Re: counting runs of a certain length in binary data

[Mike Miller]

On Fri, 3 Mar 2000, John W. Eaton wrote:

> Would the following work?
> 
>   y = [0; X; 0];
>   find (diff (y) == -1) - find (diff (y) == 1)
> 
> X is the vector of binary digits.  The idea is that prepending and
> appending zeros ensures that the first nonzero element of diff(y) will
> be 1 and that the last nonzero element will be -1, and that there will
> be an equal number of 1 and -1 elements.  Then the results of the two
> find commands should always have the same length, and their difference
> should be the run-lengths for the ones in the original vector.


John--

That was great!  Thanks much.  It wasn't quite what I was looking for, but
it did give me the clue I needed to get what I wanted.
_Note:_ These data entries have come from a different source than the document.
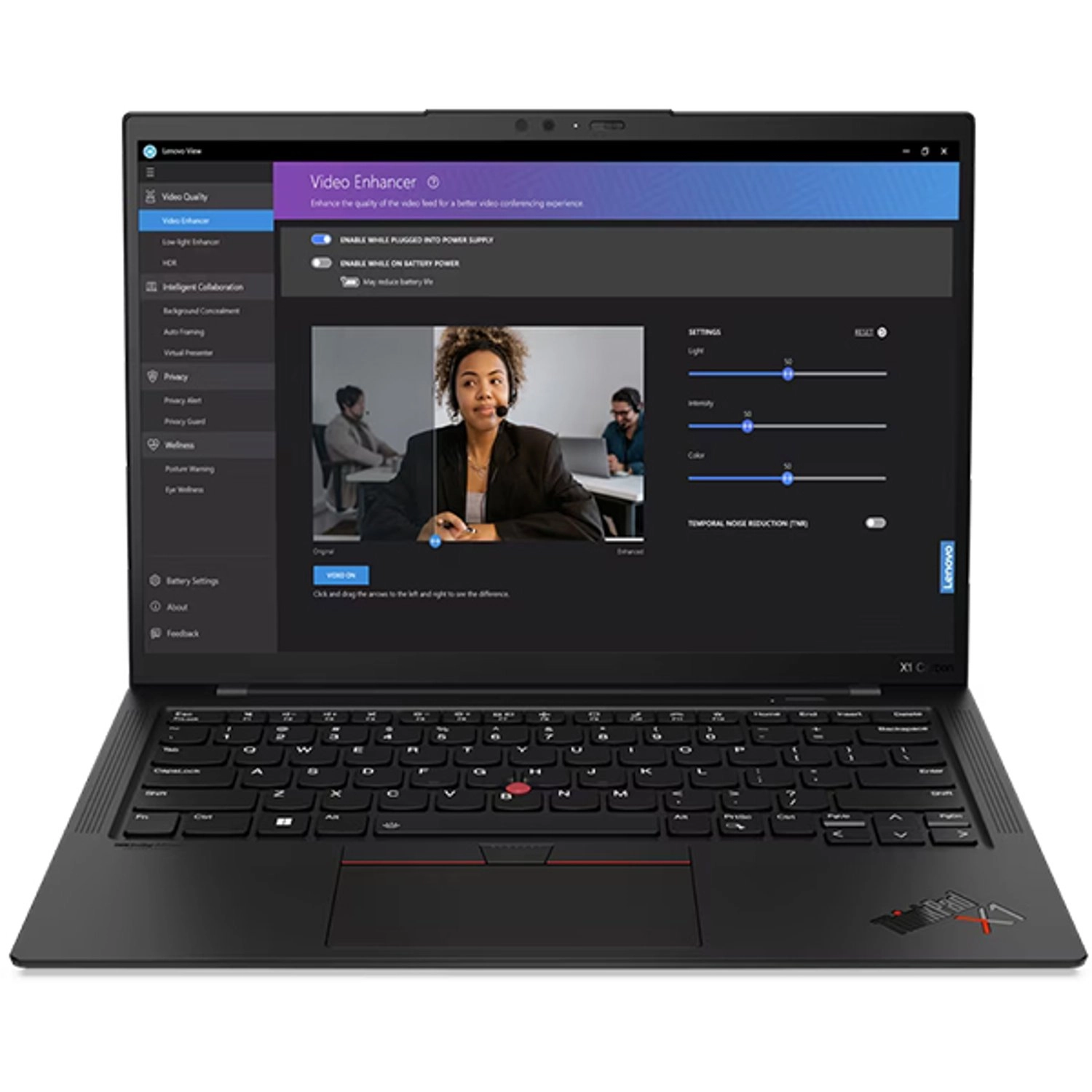 ThinkPad X1 Carbon - 14'' Core i7-1355U 16GB 512GB SSD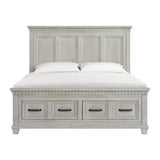 McCoy Storage Bed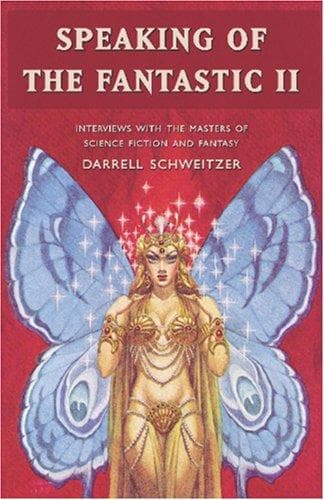 Cover of Speaking of the Fantastic II
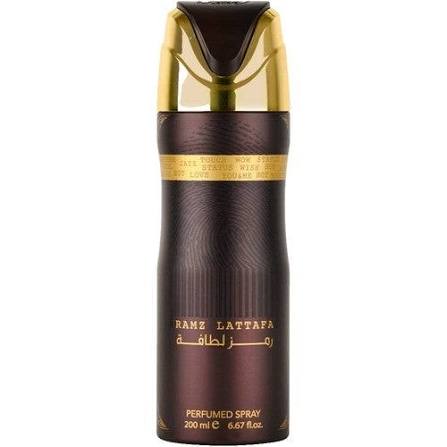 Lattafa Ramz Deodorant 200ml – Unisex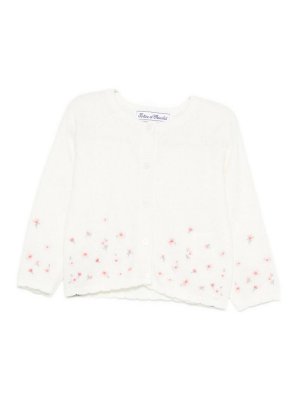 TARTINE ET CHOCOLAT: Cárdigans - Cárdigan - Blanco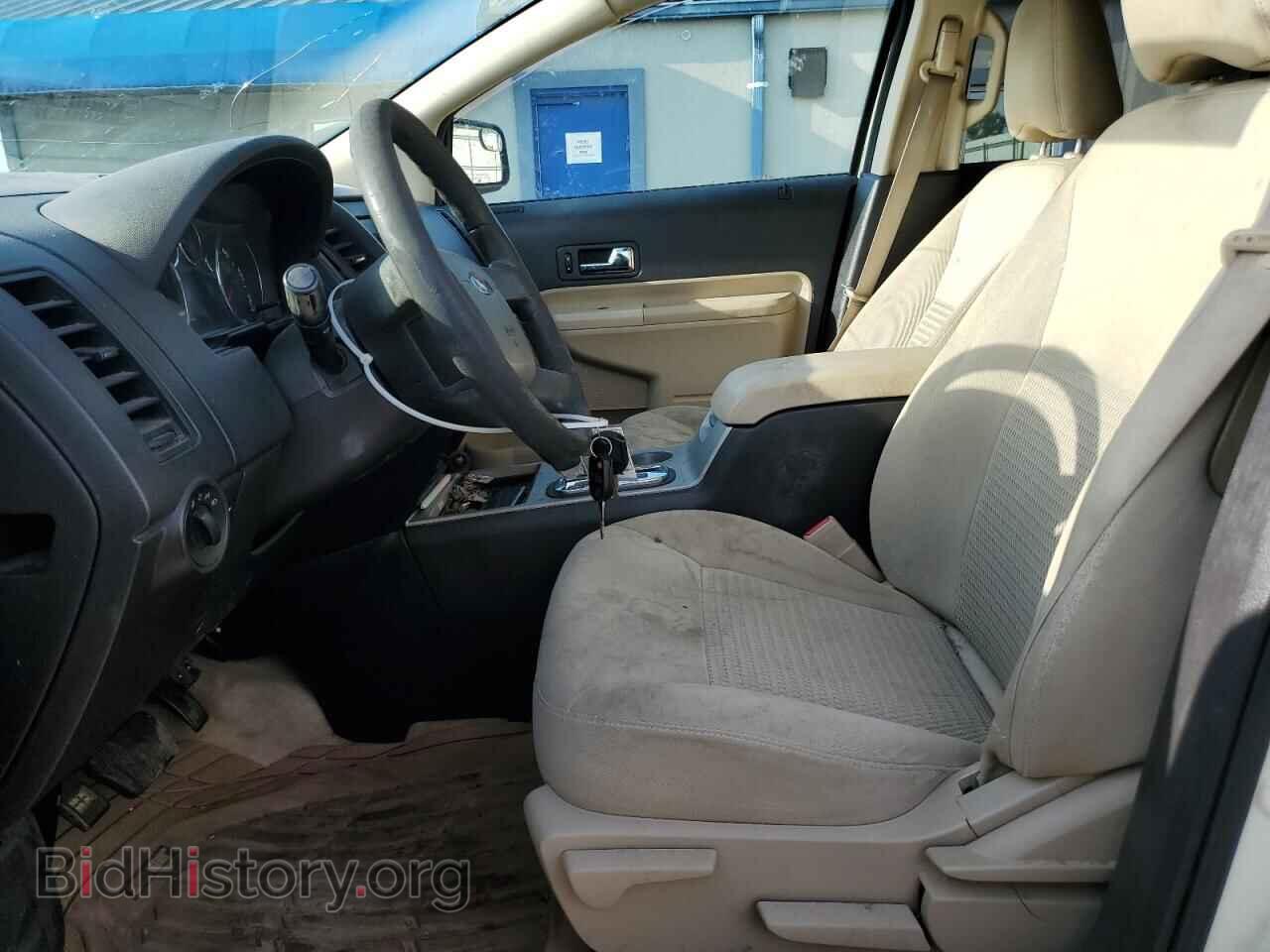 2008 FORD EDGE - VIN: 2FMDK36C58BA88175 - Фото 7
Your code gives run lengths for ones, but I needed run lengths for ones
and for zeros.  I used the 'find' idea you presented and altered it as
follows:

     diff (find (diff ([2; X; 2]) ~= 0))

The use of '2' is an arbitrary choice:  I had to put something other than
zeros or ones in there.  That line of code gives me a vector of run
lengths as follows:

octave:1> X=[0 0 0 1 1 0 0 0 0 0 1 1 1 1 1 1 0 1 0 0 0 0 0 0 0]';
octave:2> diff (find (diff ([2; X; 2]) ~= 0))
ans =

  3
  2
  5
  6
  1
  1
  7

If I need to count how many runs are length N or longer, as I'd originally
planned, I can use this line of code:

     sum (diff (find (diff ([2; X; 2]) ~= 0)) >= N)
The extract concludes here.